Althusser developed this idea from his study of Machiavelli, Spinoza and Epicurus and lays it out in 'The Underground Current of the Materialism of the Encounter', where he develops Spinoza's and Machiavelli's notion of the void and how it evacuates first causes. This void is full of possibilities because it allows for the potential of emergence. How things emerge is through chance encounters. Althusser has based this part of his theory on Epicurus’ atomism, where atoms move through empty space in parallel trajectories and do not touch. However, Althusser takes this notion of the void and looks at the event which arises from a chance encounter (a swerve of the atom). How he ties this in with Machiavelli is that this event can become a place of leverage, and of power. It is this aspect of Althusser that Bourriaud appears to be attracted to rather than his more rigid and structural ideas of subjectivity, and he makes reference to this when he explains that Guattari's method “consists in bringing to the boil the structures fixed by Lacan, Althusser and Lėvi-Strauss” (2002: 89-90). What Bourriaud is attracted to in Althusser are the elements that converge with Guattari: history has innumerable possible outcomes which are never fixed (there is no telos); subjectivity as ever-changing and being formed through social relations; and events occurring in singular moments that cannot be totally anticipated (chance encounters).

On page eighty-seven of Relational Aesthetics, Bourriaud states his preference for Guattari's 'chaos' over Deleuze's 'order': “[Guattari's] phrasing is thoroughly oral, chaotic, 'wild and outrageous' (dėlirant), off-the-cuff and littered with deceptive short-cuts, quite unlike the conceptual order that presides over the writings of accomplice and fellow Gilles Deleuze.” (2002: 87). It is because of this clear statement for a preference for Guattari's 'chaotic' orientation as opposed to Deleuze's more ordered approach that I shall now look at this difference. I will do this by looking at the references that Bourriaud makes to Chaosmosis and contrast this to Deleuze's The Logic of Sense (1969), not because Bourriaud makes any reference to The Logic of Sense in his book, but because of the formalised format of the book and because the book is concerned with making sense out of non-sense (one could say: creating order out of chaos). For Deleuze nonsense is not the opposite of sense but actually gives value to it.

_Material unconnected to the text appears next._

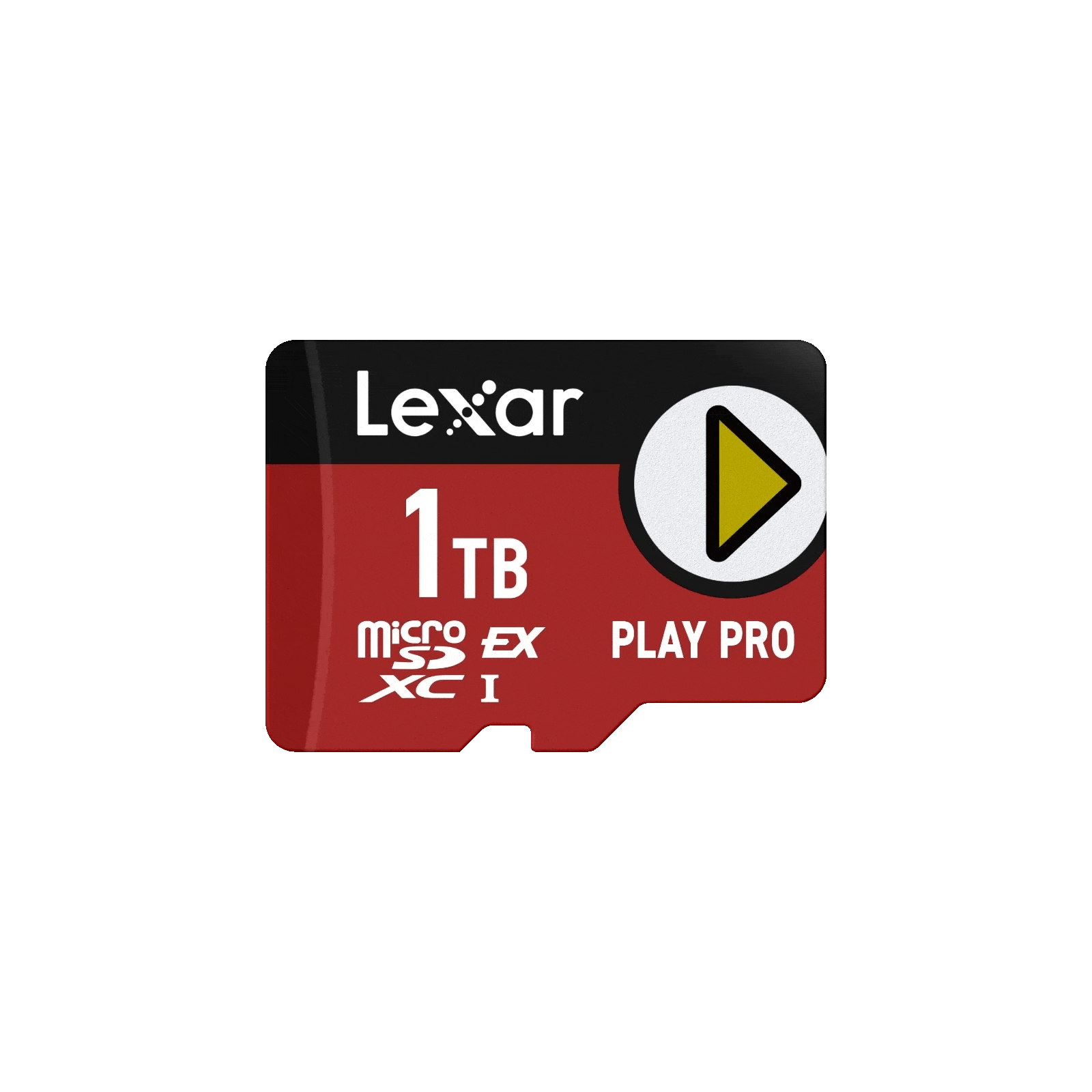 Lexar 1TB PLAY PRO High-Performance microSDXC up to 900MB/s read and 600MB/s write (LMSXPS0001T-BNNCU)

Before I further examine Deleuze and Guattari, from a Bourriaudian perspective, I would like to briefly introduce the two books from the perspective of form, before proceeding to a more in-depth analysis of the differences in content and theory. Not least because form and content are oppositions which are challenged in relational art, but also because Bourriaud makes direct reference to the style of articulation in the above quote when commenting on Guattari's mode of approach.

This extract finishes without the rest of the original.